Although the hasty recall and overhaul of the original statement might imply that the three council members regretted their original comments, all three confirmed to The C Is for Crank that they still stood by what they said in the initial press release.

“This was never personal; it was always about changing systems,” Mosqueda said Wednesday afternoon. “It’s unfortunate that she saw [cuts to the police department] as personal in nature. This was never, ever an adversarial comment made about the chief. This was always about the system.”

González, who said “gave [the chief] my commitment that I would never tear her down because as a woman of color I understood what a difficult position she was in,” said she didn’t regret her vote to cut the command staff’s salaries, a decision Best has explicitly called “vindictive and punitive.”

“When we were looking at the budget and attempting to respond to the calls of community to take action, to invest in solutions that produce racial justice outcomes,  the reality is that everything is on the table,” González said, “and the SPD executives’ salaries were clearly out of line with the salaries of other executive teams in the city.”

And Morales, who represents Southeast Seattle, said that although she’s “sad to see Chief Best go” because she “brings a unique perspective and lived experience that would have been valuable to the work we’re going to try to do,” the city has been trying to address police accountability and violence since long “before Chief Best was the chief.

“It wasn’t about her—it was about the institution she was a part of, and this is an institution that’s rooted in racism,” Morales said. “Chief Best is loved by her staff and her department, but they are all still part of that system, and that’s what we’re trying to change … the institution and the harm that it’s done. Speaking as the representative from District 2″—the most diverse, and Blackest, district in the city—”that’s what I came into this office to do.”

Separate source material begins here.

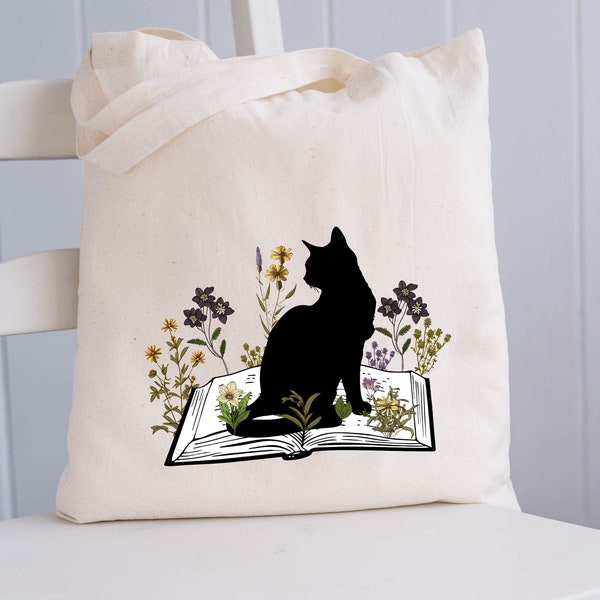 Bolso de mano de libro floral lindo, bolso para amantes de los libros, bolso para amantes de los gatos, bolso de mano de gato lindo, regalo para mamá gato, bolso de libro, bolso de biblioteca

3 thoughts on ““This Was Never Personal. It Was Always About Changing Systems.” Council Members Stand Behind “Corrected” Statements on Police Chief Departure”

  1. How can they say it wasn’t personal when they specifically targetted the Chief by cutting her salary and the salary of her command staff. Sounds like something a gang of girl bullies would do in high school to show power over other girls.

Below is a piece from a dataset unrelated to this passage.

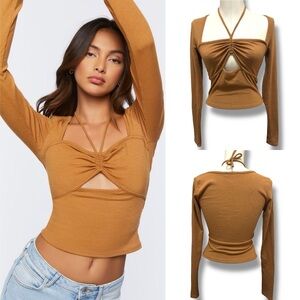 191 Forever 21 | Mexico EUC Rust Ribbed Cutout Long Sleeves Top (Size S)
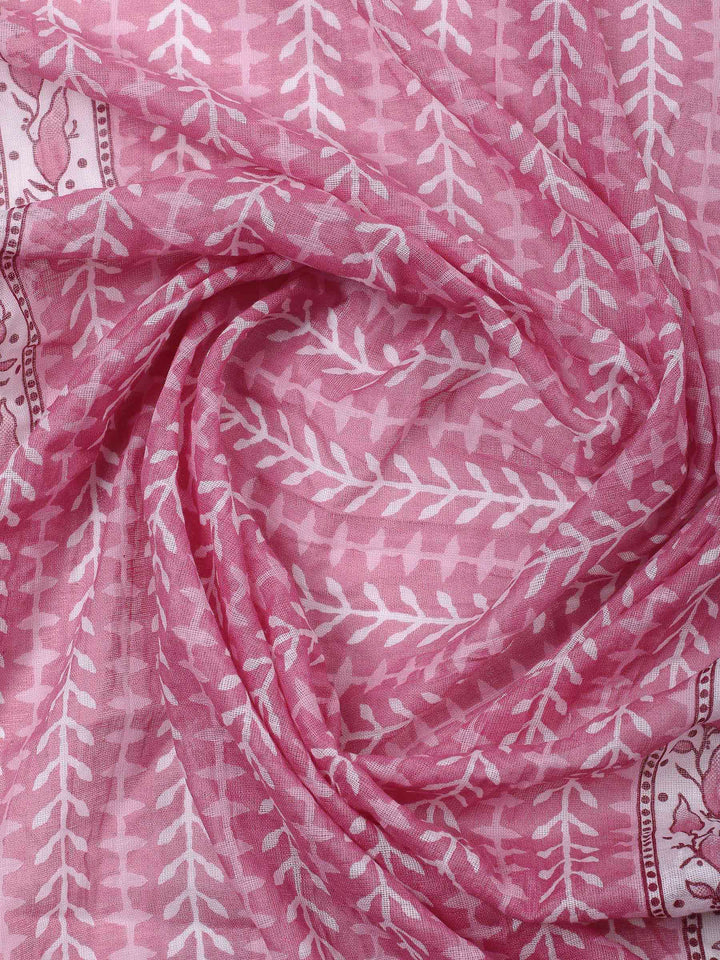 Pink Printed Cotton Blend Unstitched Dress Material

  2. Cutting the Chief’s salary was personal and distinctly disrespectful particularly with a “policy” discussion with her, no matter the policy statement veneer. Mature elected officials would know better and would be ashamed. Their action undercuts the needed discussion of continued reform and repurposing of how the city uses it community safety resources. Can’t imagine a long line of respected officers willing to take over the department in this climate.